Over time, her thinking evolved even further: if individuals should own their work, why shouldn’t they also own the platforms, networks, and economic systems they participate in?
Li Jin – From Product Builder to Economic Cartographer
Li Jin’s career did not start in abstract theory. She began in product roles and later as an investor at Andreessen Horowitz, focusing on marketplaces and consumer technologies. Her breakthrough was not a single deal but rather the recognition of a broader trend – a shift from gig work toward monetizable individuality.
She described this trend in her influential 2019 essay, The Passion Economy and the Future of Work, where she argued that new platforms enable people to earn a living by leveraging their unique skills rather than commoditized labor.
She defined the passion economy as one where users not only build audiences but cultivate direct relationships that let them monetize their expertise, knowledge, and creative outputs. This stands in contrast to gig marketplaces that often homogenize labor and extract value from interchangeable work.
That line of thinking would eventually lead her beyond just tools for creators and toward a deeper question: who should own the platforms, networks, and economic rails of the internet itself?

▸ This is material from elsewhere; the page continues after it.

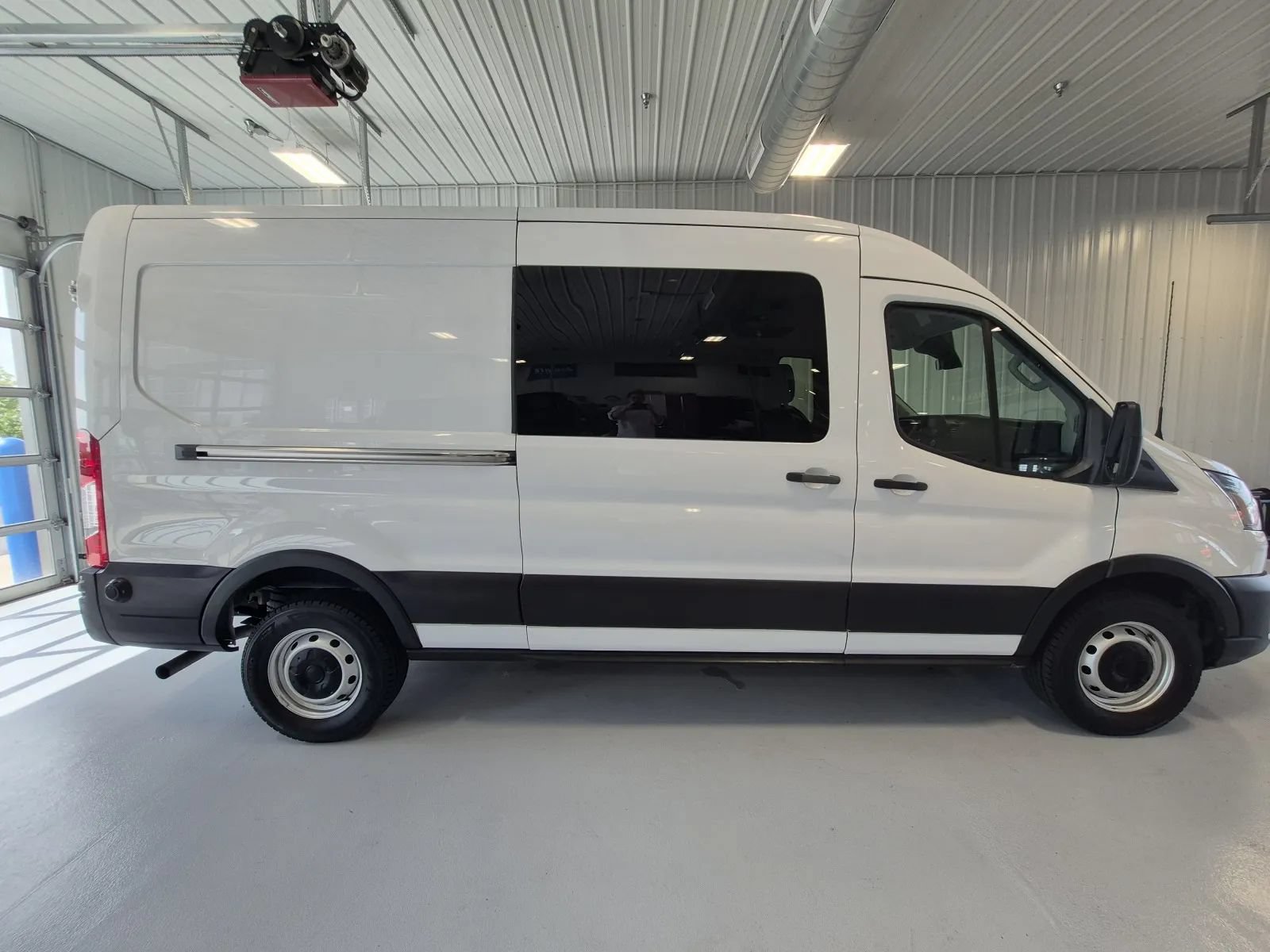 Used 2024 Ford Transit 250 148 Medium Roof w/ Load Area Protection Package RWD image 2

The Big Idea: Ownership Is the New Career
At the heart of Li Jin’s philosophy is a shift from attention accumulation to economic ownership. In her work and writing, she emphasizes that individuals should own their audiences, monetization channels, and business models – rather than letting platforms control distribution and revenue share.
By coining the phrase “passion economy,” Jin crystallized a concept that reframed careers not as ladders inside institutions but as portfolios of assets – audiences, products, and communities that creators control and capitalize on.
Atelier Ventures was the first expression of this thesis. Variant would become its expansion.
Founding Atelier Ventures: The First Expression of the Thesis
In 2021, Li Jin left Andreessen Horowitz to launch her own firm, Atelier Ventures, with a clear mission: invest in platforms that enable individuals to build businesses from their passions. Her fund targeted early-stage startups powering creator monetization, community tools, and new forms of independent work.
The firm’s portfolio included companies like Substack, Stir, and other products that empower creators and independent entrepreneurs. The name “Atelier” was chosen intentionally – an atelier is a workshop where artisans create – symbolic of Jin’s belief that individuals should have the tools and infrastructure to turn passion into profession.
But as the ecosystem matured, Jin began to see that tooling alone was not the final layer. The deeper leverage point was ownership – not just of audiences and revenue streams, but of the networks and platforms themselves.
Variant: From Creator Tools to Owning the Internet Itself
In October 2021, Li Jin co-founded Variant, a venture firm focused on investing in crypto networks and ownership-driven platforms. If Atelier was about giving individuals better tools, Variant is about giving them better economic foundations.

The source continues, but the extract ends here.